Generally, this turns me off.
And George RR Martin has a loooooong cast list at the back of his books.
When I picked up A Game of Thrones, I was very nervous about it. My brain didn’t seem up to the task of handling such a large group of people. And, honestly, if I hadn’t seen and fallen in love with the HBO series, I would have been beyond lost. It took a while to put the names with the characters for me – even with the visuals provided by the television series.
However, I was greatly, greatly impressed with how Martin handled his characters. After a little effort, they were easy to track and follow.
I think the ease of adjustment came from how Martin created complete arcs for each of his characters – especially in A Game of Thrones, the first book in the series. And the best example is of Daenerys, the exiled heir to the Iron Throne, in this case. She goes from a child, with a child’s sensibilities at the beginning of the book, to a believable leader of nations by the end.

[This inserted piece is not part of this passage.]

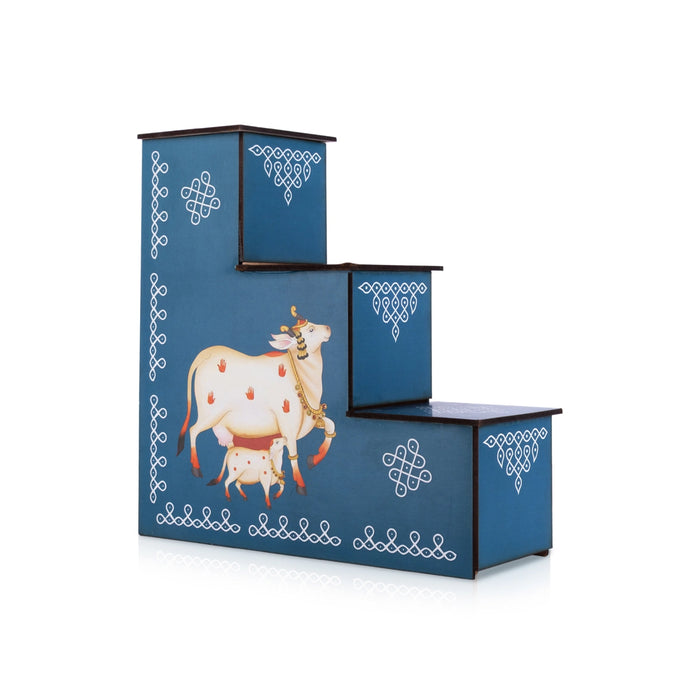 Diya Stand - 8 x 7.5 x 2.5 Inches | 3 Steps Wooden Stand/ Kolam & Cow Calf Design Lamp Stand for Deepam & Home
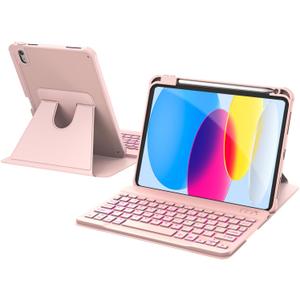 RAYMCRAFT for iPad 11th(A16, 2025)/10th Generation Case with Keyboard, 360 Rotatable Case & Detachable Backlit Keyboard, Precision Cutouts and Pen Holder for iPad A16 11''/10th 10.9'', Light Pink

This arc for Daenerys is so complete that Martin lifted her sections bodily out of A Game of Thrones and created a whole novella: “The Blood of the Dragon.” It proceeded to win a Hugo award.
Daenerys’s story can be marked Point A to Point Z in A Game of Thrones.
SPOILERS!:
She is an innocent married into a barbarian horde, she learns to fight and love within that horde, she faces down her bullying brother, is faced with the death of her child and husband, confronts and kills the person who murders her child and husband, and then hatches dragons…earning her heir-to-the-throne rank rather than just having it handed to her. Pretty badass.
END SPOILERS!
I’ve never tried to lift a whole storyline based on one character before, but that’s probably a good exercise for revision –
Here’s what I’ve come up with…
Pick a character, any main or semi-main character in your story. Find all of his/her scenes. Pull them out (i.e. copy and paste them into a new document). Read it through. Does it read as a whole story? Is there a beginning, a middle, and an end? Is there some kind of growth cycle or does he/she remain painfully unchanged all the way through? Adjust accordingly.This also strikes me as a useful revision technique because it forces you into some distance from the main plotline sometimes. And in order to revise gracefully, we all need some space from the original story.
What do you guys think? Have you allowed your characters their full development? Have you decided that not all characters will get a full development? (Because that’s totally legit too.)